Assignment:
Each line from the one that has "Wildwood Casa |" through the end of the entries below must be written out exactly; leave out all other lines.

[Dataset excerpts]
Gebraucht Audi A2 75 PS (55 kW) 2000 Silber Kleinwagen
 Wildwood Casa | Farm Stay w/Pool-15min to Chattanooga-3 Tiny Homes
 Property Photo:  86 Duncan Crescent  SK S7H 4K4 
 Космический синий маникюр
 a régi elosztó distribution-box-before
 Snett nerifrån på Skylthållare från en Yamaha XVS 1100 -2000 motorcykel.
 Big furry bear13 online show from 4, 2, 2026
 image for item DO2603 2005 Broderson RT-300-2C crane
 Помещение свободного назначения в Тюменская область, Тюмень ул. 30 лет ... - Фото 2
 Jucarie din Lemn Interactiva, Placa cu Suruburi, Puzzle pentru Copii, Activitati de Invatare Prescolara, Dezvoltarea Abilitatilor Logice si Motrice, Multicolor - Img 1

Output of the task:
 Wildwood Casa | Farm Stay w/Pool-15min to Chattanooga-3 Tiny Homes
 Property Photo:  86 Duncan Crescent  SK S7H 4K4 
 Космический синий маникюр
 a régi elosztó distribution-box-before
 Snett nerifrån på Skylthållare från en Yamaha XVS 1100 -2000 motorcykel.
 Big furry bear13 online show from 4, 2, 2026
 image for item DO2603 2005 Broderson RT-300-2C crane
 Помещение свободного назначения в Тюменская область, Тюмень ул. 30 лет ... - Фото 2
 Jucarie din Lemn Interactiva, Placa cu Suruburi, Puzzle pentru Copii, Activitati de Invatare Prescolara, Dezvoltarea Abilitatilor Logice si Motrice, Multicolor - Img 1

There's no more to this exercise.